Most of the drawdown was at the key Cushing, Okla., delivery point for NYMEX, where oil stocks fell 3.1 million bbl to 15.1 million bbl. "The world economy is taken hostage by a few million barrels in Cushing, and there is little that the Organization of Petroleum Exporting Countries can do about it," Jakob said then.
The sharp drop in crude inventories "occurred without any uptick in refinery runs, following only a minor rise in imports," Horsnell noted. "The overall build [of crude and petroleum products] is down to its lowest since October 2005," he said.
Record low dollar
The US dollar hit a record low against the euro Oct. 31 after the Federal Open Market Committee cut the federal funds rate (the rate commercial banks charge on overnight loans among themselves) by 0.25 percentage point to 4.5%. "The single variable that exhibits the strongest correlation to the rise in oil prices over the past year is the concurrent drop in the US dollar," Morris said.
The December crude price fell to $93.49/bbl Nov. 1 on NYMEX, but not before setting a new intraday price record of $96.24/bbl.
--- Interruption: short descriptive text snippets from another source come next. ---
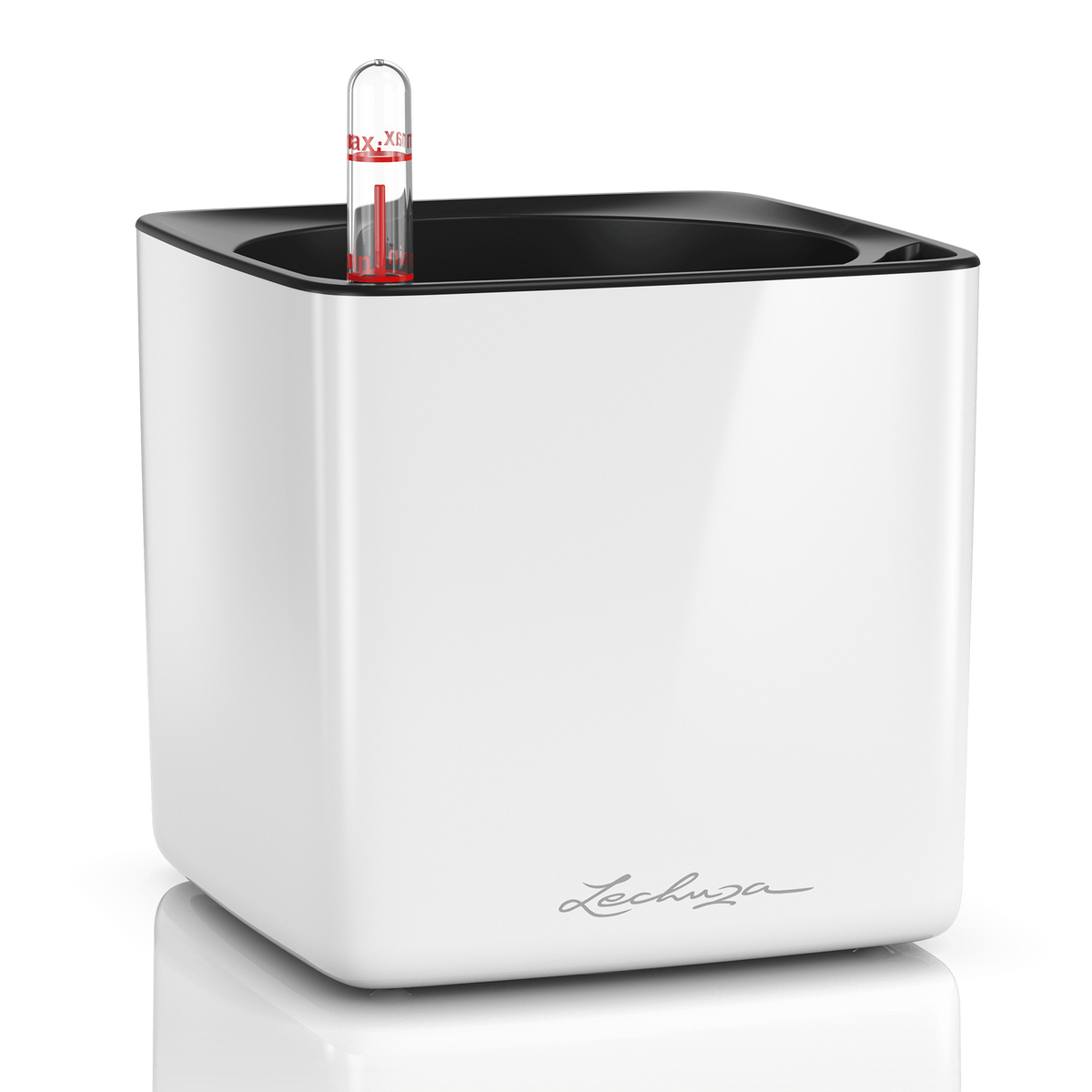 CUBE Premium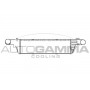 102018 AUTOGAMMA Интеркулер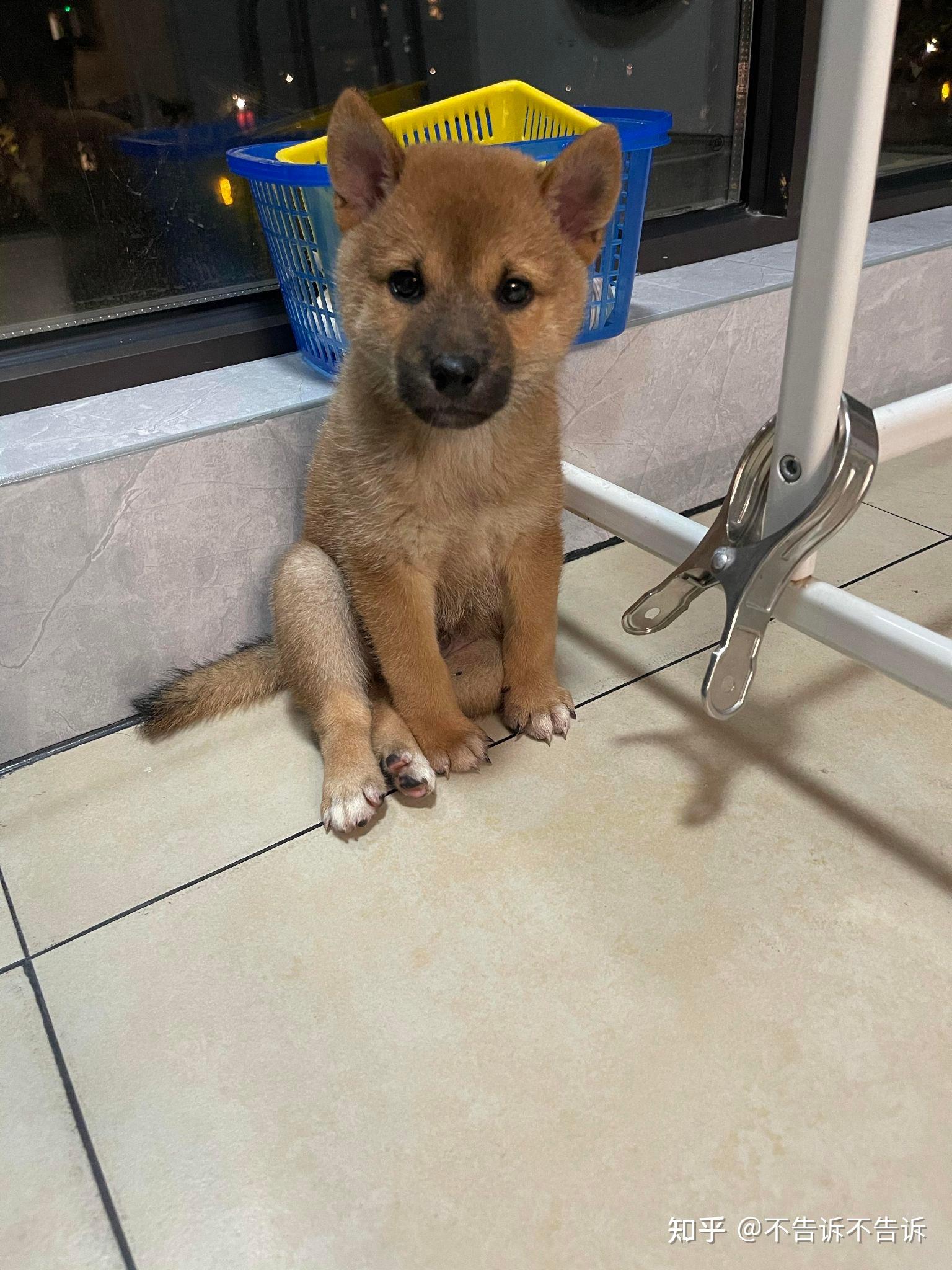 我对象送了我只柴犬,怎么我越看越像土狗,求大家鉴别?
Again the influencing factors were outside the fundaments of supply and demand for oil; instead, the value of the dollar improved against the euro on Nov. 1. Oil usually moves in the opposite market direction from the dollar, since a stronger dollar reduces the appeal of commodities as a hedge against inflation.
On Nov. 2, the December crude price rebounded to a record closing of $95.93/bbl amid indications of a stronger US economy and possible new United Nations sanctions against Iran over its nuclear power program. "The US government reported twice as many new nonfarm jobs as expected were added in October, which alleviated fears of an economic downturn, at least for the moment," Morris said. Meanwhile, the British Foreign Office said the UN Security Council agreed to draft a new sanctions resolution that could be passed in November unless Iran cooperates with the International Atomic Energy Agency.
Refinery problems contributed to the Nov. 2 price rise in crude prices. Petroplus Holdings AG's 172,000 b/d refinery in England expects production to be limited for a month due to a fire. Chevron Corp. said its 330,000 b/d refinery in Pascagoula, Miss., will operate at reduced rates until early next year because of a fire in August.